Tuesday, November 22, 2011

Stripping Them of Their Dignity

Question 10: Are poverty and the conservation of biological diversity linked, and if so, how? Should these problems be attacked together or separately?

In an article titled “Mediterranean cork oak savannas require human use to sustain biodiversity and ecosystem services,” it is suggested that cork oak savannas are neglected, deserted, or overused, depending on where the savanna is located on the Mediterranean Basin. The conservation of cork oak savannas has been monitored closely due to their protection through the Convention on Biological Diversity. The term biodiversity “hotspot” was defined in lecture as Earth’s most biologically rich and most endangered terrestrial ecoregions. The reason much of the Mediterranean Basin can be defined as such, is due to the presence of people. This is particularly true of the oak cork savanna in northwestern Africa, which is being degraded due to poverty-driven overuse. The lack of regulatory policies present in such impoverished regions helps perpetuate this problem. Although the savannas are technically owned by the state, local people are sanctioned to use the woodland resources. However, overharvesting of both fuel wood and acorns and overgrazing threaten the fine balance of the savanna ecosystem by degrading the tree cover, decreasing the regeneration of the oak cork trees, and risking the sustainability of the environment.
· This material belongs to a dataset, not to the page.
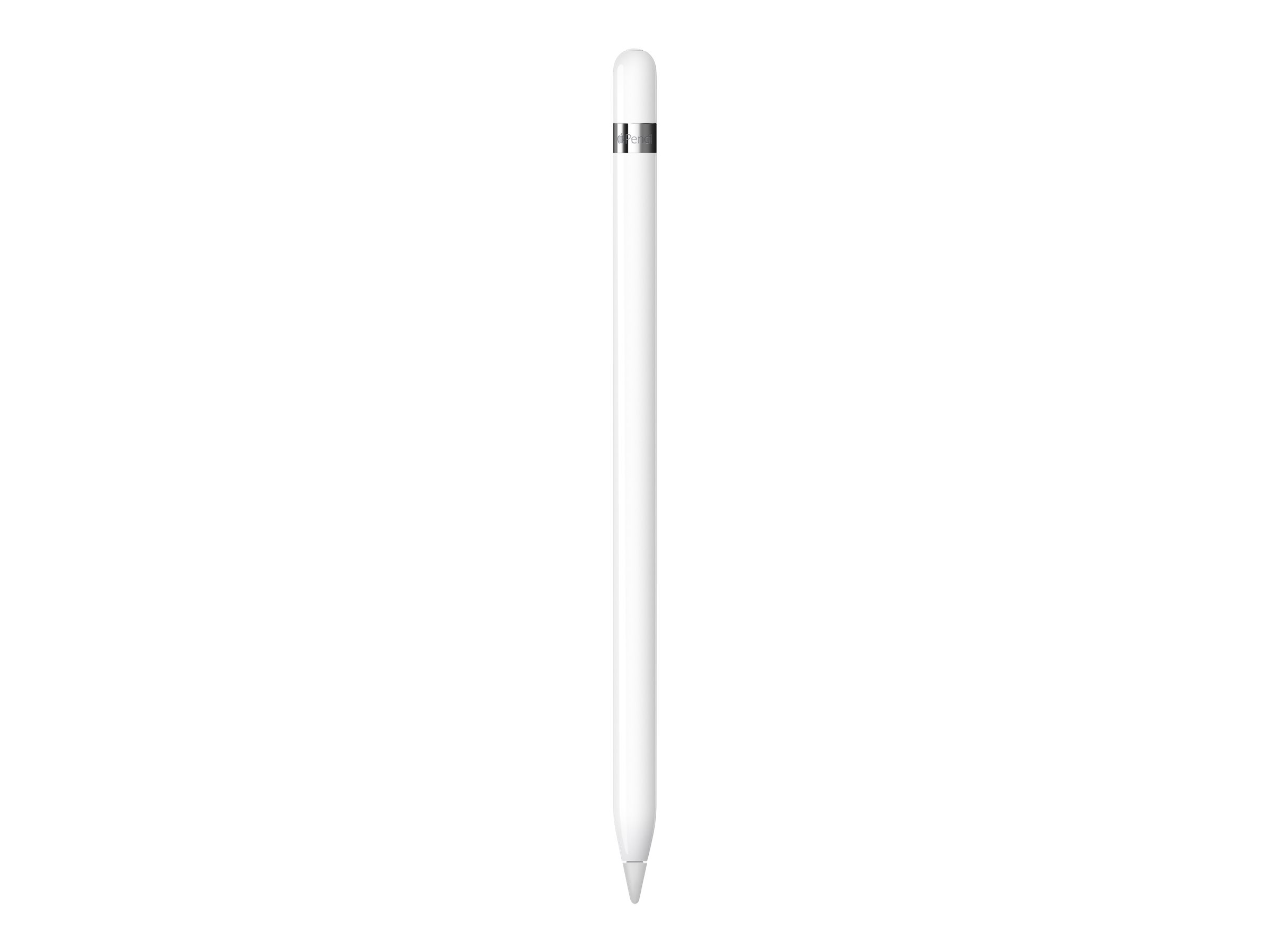 Apple Pencil 1st Generation - Stylet pour tablette - pour 9.7-inch iPad (6th gen); 10.2-inch iPad (7th gen, 8th gen, 9th gen); 10.5-inch iPad Air; 9.7-inch iPad Pro; 10.5-inch iPad Pro; 12.9-inch iPad Pro (1st gen, 2nd gen); iPad mini 5 - MQLY3ZM/A - Accessoires pour ordinateur portable et tablette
These effects are magnified for communities that suffer from poverty due to their lack of education in the proper ways of cork harvesting. Therefore, often times the cork is inappropriately stripped; too frequently gathered, not giving the tree enough recuperation time since a live tree should be harvested once every 9-12 years; or accidently harmed by unskilled harvesters.

Although both poverty and conservation of biological diversity are two very broad topics that seem as though they should be addressed separately, they are linked in such a way that sometimes makes it easier to tackle them at the same time. One of the reasons that the European Union doesn’t face similar problems as does northwestern Africa is because they put into effect the Common Agricultural Policy (CAP), whose goal is to protect biodiversity. The CAP attempted to do this by establishing the Agri-environmental schemes (AES) which helped to decrease the negative effects of agriculture and promote environmentally friendly farming techniques by providing monetary compensation for the farmers. However, AES weren’t very successful since there wasn’t a very strong thread holding AES and other CAP projects together. Other initiatives such as “Reducing Emissions from Deforestation and Forest Degradation and enhancement of carbon stocks,” also known as REDD+, proved to be a far more successful scheme. REDD+ was established specifically for places such as the northwestern cork oak savannas of Africa, where the land was downtrodden by overuse. It was designed to act as a proponent of large-scale ecological restoration activities. Furthermore, its role in the reduction of overharvesting of fuel wood would also in turn benefit biodiversity conservation efforts. By providing technological support and/or compensation for pursuing alternative energy/livelihood approaches to such rural areas as Africa, REDD+ can help promote more positive social impacts and help both impoverished communities and biological diversity.

By: Niree Dingizian

Works Cited:

Bugalho, Miguel N., et al. “Mediterranean cork oak savannas require human use to sustain biodiversity and ecosystem services.” The Ecological Society of America (2011): 10.1890/100084. Web. 13 Nov. 2011.